Desconfiadíssima com tamanha boa vontade, até realizei uma investigação junto as minhas fontes sobre o policial em questão, mas nada encontrei que desabonasse sua conduta impar dentro da polícia. A delegacia não saiu e na confusão que se seguiu a dissolução da investigação do caso das meninas sequestradas na época, esqueci-me de Gilberto completamente.
Até que no ano de 2006 ganhamos o apoio do Criança Esperança, projeto da TV Globo em parceria com a UNESCO. Ao receber o contrato, eu e a psicóloga Valéria Magalhães descobrimos que diretor não podia atuar como funcionário do projeto e daí surgiu o problema. Onde encontrar um profissional que atuasse como psicólogo das Mães do Brasil? Depois de avaliar sem sucesso diversos candidatos, Valéria lembrou-se do policial psicólogo, com quem conversara e simpatizara bastante. Liguei para Gilberto que deve ter se surpreendido com o contato depois de tanta rejeição. Mas veio para a primeira reunião e perguntou se poderia dizer as mães que era policial também, devido a aversão que tinham a figura do policial. Só então me toquei do problema que podia gerar, mas banquei, dizendo que jamais esconderia tal fato delas. Ele respondeu:
"Ótimo, porque eu também! Além do que tenho orgulho de ser policial!"
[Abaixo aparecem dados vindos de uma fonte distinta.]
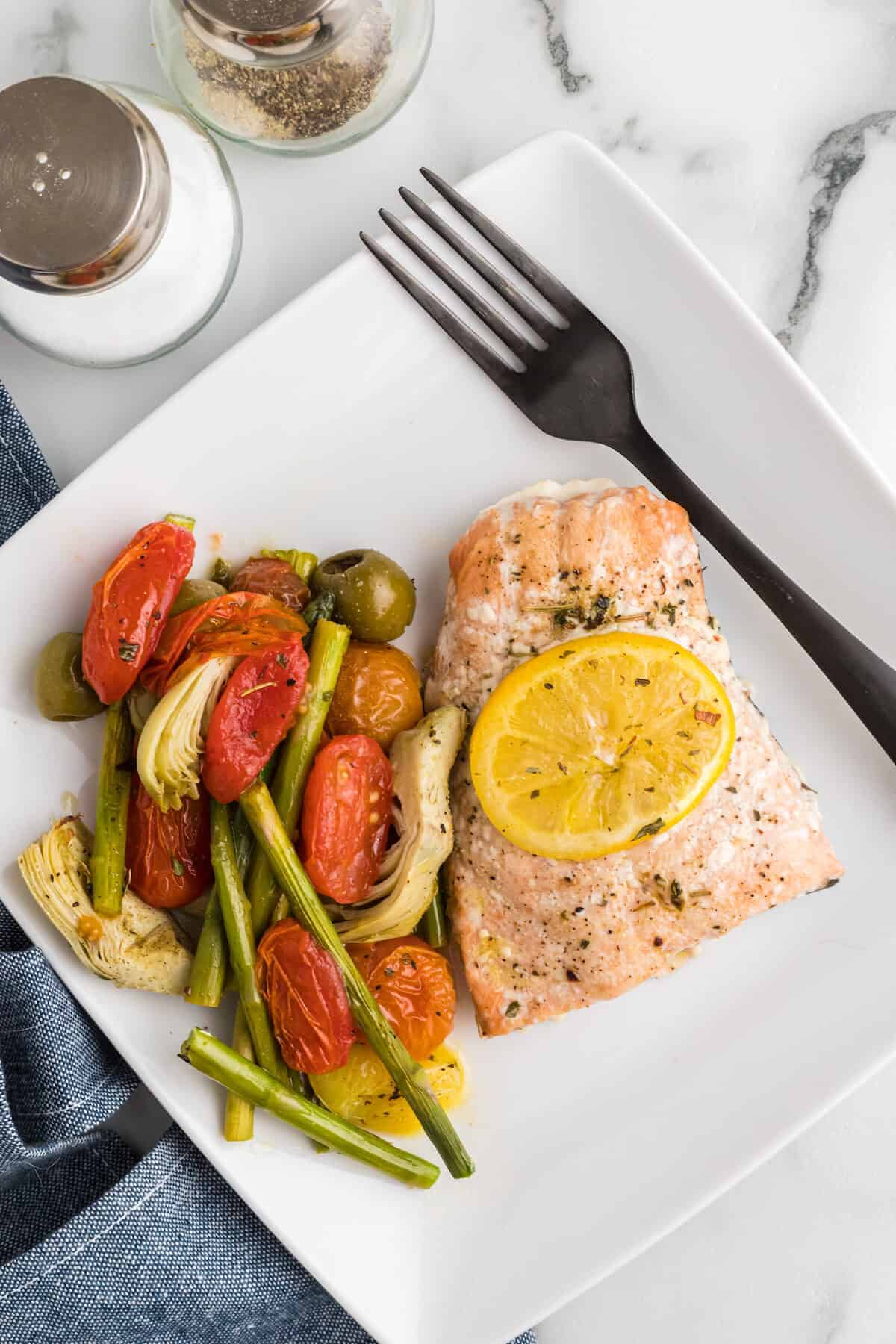 square white plate with the cooked salmon recipe and cooked asparagus, artichokes, olives and tomatoes to the side.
A resistência inicial logo se transformou em paixão. Gilberto conquistou o coração das Mães do Brasil e fez do atendimento psicológico a base e a inteligência emocional do Portal Kids. Gilberto é o meu grande amigo, uma espécie de grilo falante, já que funciona como a consciência de nosso trabalho. E ser consciente é tudo nessa vida. Gilberto tem muito amor por esse trabalho. Esse amor chamou a atenção de sua sócia no ramo do comércio, Luciana Maggio, que aceitou bancar uma inédita campanha de prevenção que será realizada através dos produtos que sua loja comercializa. É uma tentativa de arrecadar fundos para esse trabalho que precisa crescer, mas tem que continuar com a independência que sempre o caracterizou. Em breve a campanha será lançada, com parte da renda revertida para os trabalhos de nossa instituição, em especial os projetos Mães do Brasil, que oferece apoio psicossocial e jurídico à famílias de crianças desaparecidas e o Gente do Amanhã, que oferece inserção ao lazer e a cultura e atendimento psicossocial à famílias de crianças desaparecidas e jovens de comunidades de baixa renda. Contamos com vocês para a expansão e crescimento desse trabalho que incluirá um novo e inédito projeto em prol da criança e da pessoa desaparecida.